▸ Task instructions
Repeat exactly the line containing "this 1275×952 image." and every line after it in the entries, and nothing besides.

▸ Supplied entries
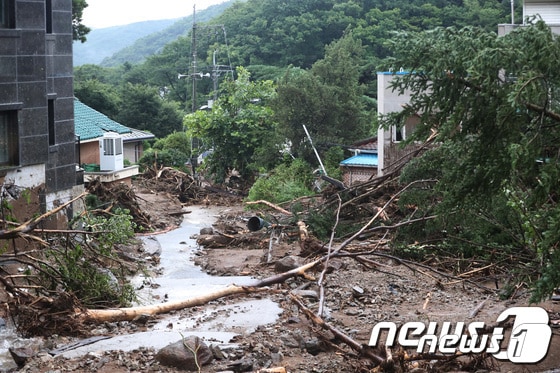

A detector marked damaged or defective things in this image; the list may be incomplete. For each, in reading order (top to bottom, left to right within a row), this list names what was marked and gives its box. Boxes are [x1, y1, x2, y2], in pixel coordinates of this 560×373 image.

landslide damage [1, 164, 560, 370]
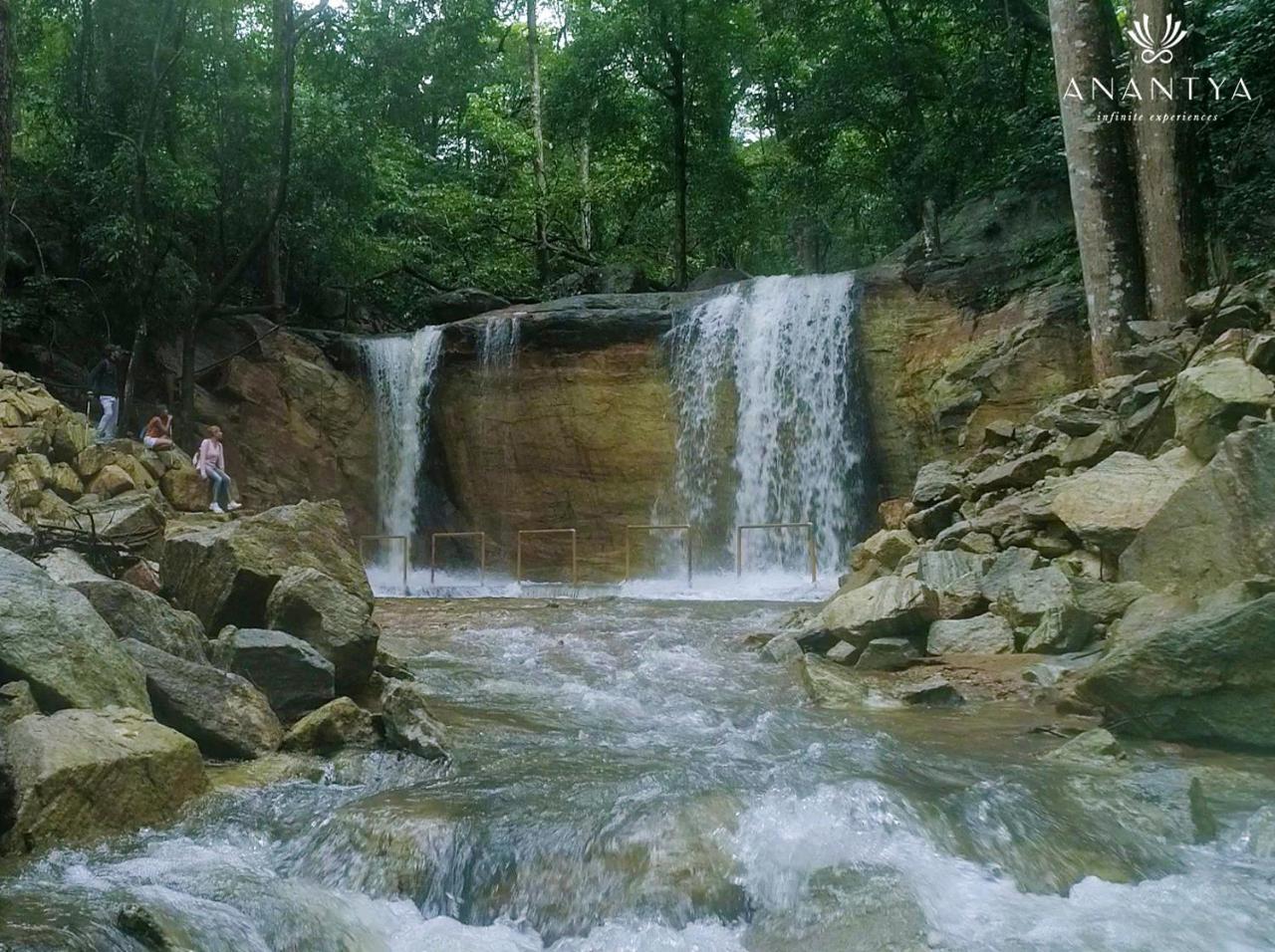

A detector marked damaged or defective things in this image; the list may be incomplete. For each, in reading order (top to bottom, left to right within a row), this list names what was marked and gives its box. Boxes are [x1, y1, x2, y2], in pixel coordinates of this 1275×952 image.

rusted metal bar [359, 532, 407, 591]
rusted metal bar [428, 532, 486, 584]
rusted metal bar [515, 527, 581, 589]
rusted metal bar [622, 525, 693, 591]
rusted metal bar [739, 525, 816, 584]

▸ Answer for this exercise
A detector marked damaged or defective things in this image; the list may be incomplete. For each, in reading order (top to bottom, left to right within a row), this list names what was marked and gives its box. Boxes are [x1, y1, x2, y2], in pixel coordinates of this 1275×952 image.

rusted metal bar [359, 532, 407, 591]
rusted metal bar [428, 532, 486, 584]
rusted metal bar [515, 527, 581, 589]
rusted metal bar [622, 525, 693, 591]
rusted metal bar [739, 525, 816, 584]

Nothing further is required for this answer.